VS Code Inserting Co-Authored-By Copilot Into Commits: The Complete Fix Guide

VS Code Inserting Co-Authored-By Copilot Into Commits: The Complete Fix Guide
Listen to this post

AI-narrated version of this post using a synthetic voice. Great for accessibility or listening while busy.

VS Code Inserting Co-Authored-By Copilot Into Commits: The Complete Fix Guide
Affiliate disclosure: This article contains affiliate links. If you click and purchase through one, we may earn a small commission at no additional cost to you.

AI assistance: Drafted with AI assistance and edited by Auburn AI editorial.

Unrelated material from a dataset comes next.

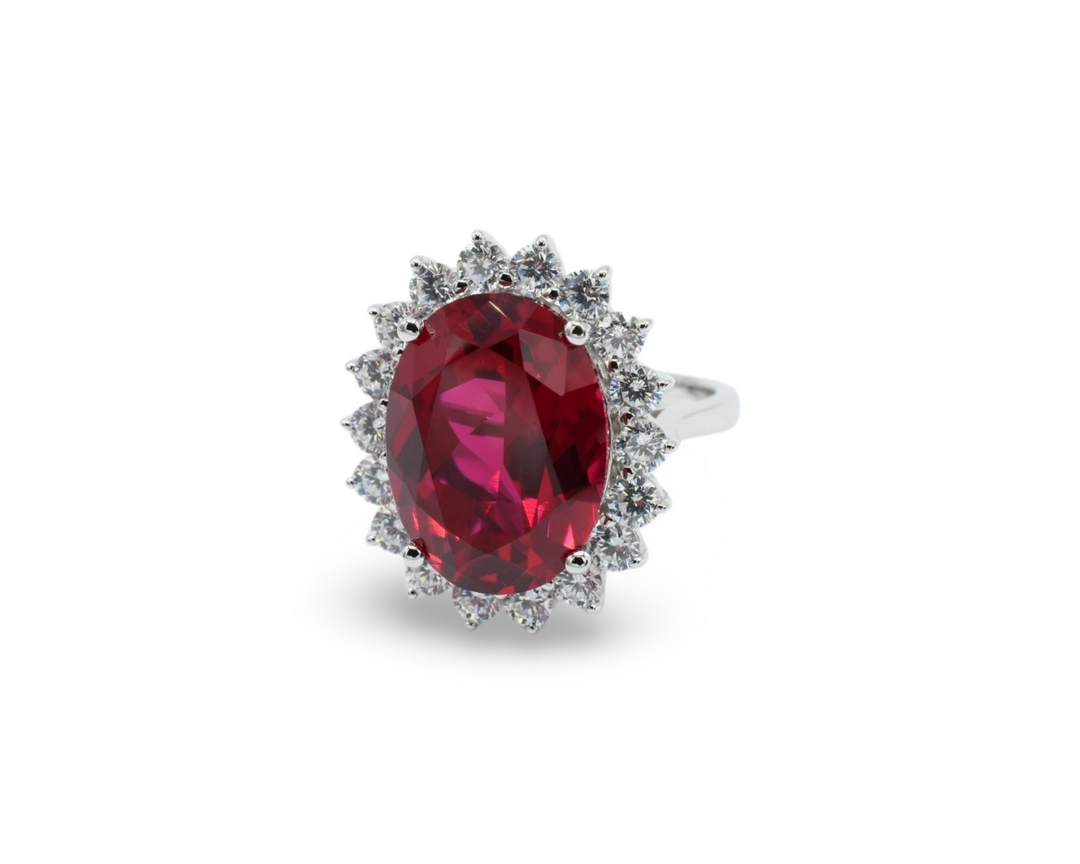 Princess Red Ring / Anillo Plata 925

VS Code Inserting Co-Authored-By Copilot Into Commits: The Complete Fix Guide

You push a clean commit. You open GitHub. Right there in the commit metadata sits a line you never wrote: Co-Authored-by: GitHub Copilot <copilot@github.com>. You didn’t use Copilot on that commit. You barely had the extension open. Yet VS Code inserted it anyway — silently, automatically, and without asking.

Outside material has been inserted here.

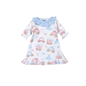 PCA-009 Princess and CastlesFloral Pima Doll Dress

This is not a one-off glitch. As of early 2026, this behaviour is baked into VS Code’s Copilot integration, and it catches a lot of developers off guard. The problem matters more than it looks: it muddies attribution in open-source projects, can conflict with employer IP policies, and in some regulated environments, it raises genuine compliance questions. This guide explains exactly why VS Code is inserting Co-Authored-By Copilot into commits, what the underlying mechanism is, and — most importantly — how to turn it off cleanly.

As an Amazon Associate, I earn from qualifying purchases at no extra cost to you.

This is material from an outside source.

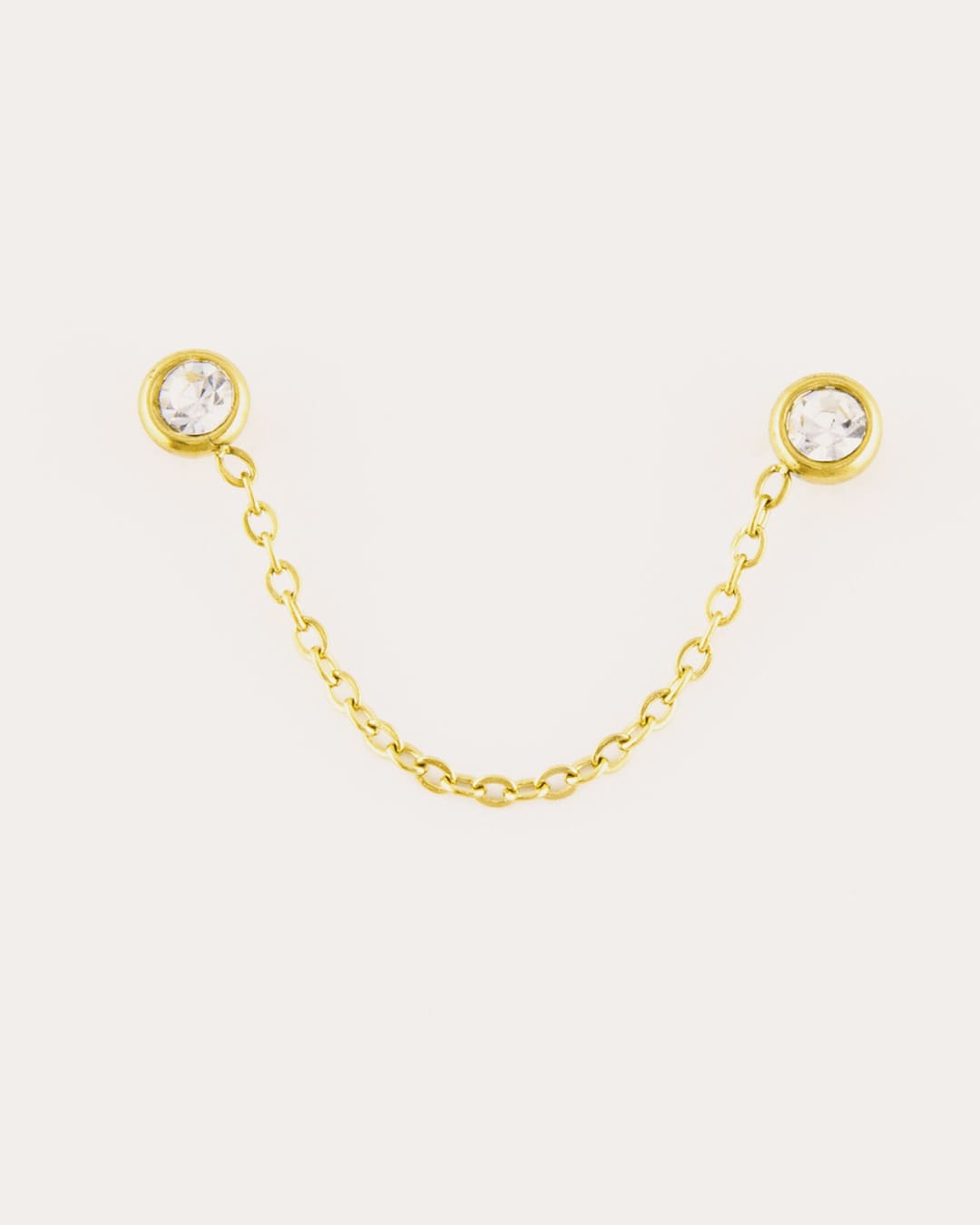 Pendiente Acero Carla Dorado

What’s Actually Happening: The Mechanism Behind the Insertion

The behaviour traces directly to VS Code pull request #310226, merged into the main branch in late 2025. That PR introduced automatic co-authorship attribution for GitHub Copilot whenever the Copilot extension is active in your workspace — regardless of whether you accepted a suggestion, triggered a completion, or even glanced at the Copilot panel during that session.

The logic VS Code uses is broader than most developers expect. It doesn’t track whether you accepted a specific inline suggestion on the lines you’re committing. Instead, it checks whether the Copilot extension was enabled and active during the editing session. If yes, it appends the co-author trailer to the commit message automatically through VS Code’s built-in Source Control UI.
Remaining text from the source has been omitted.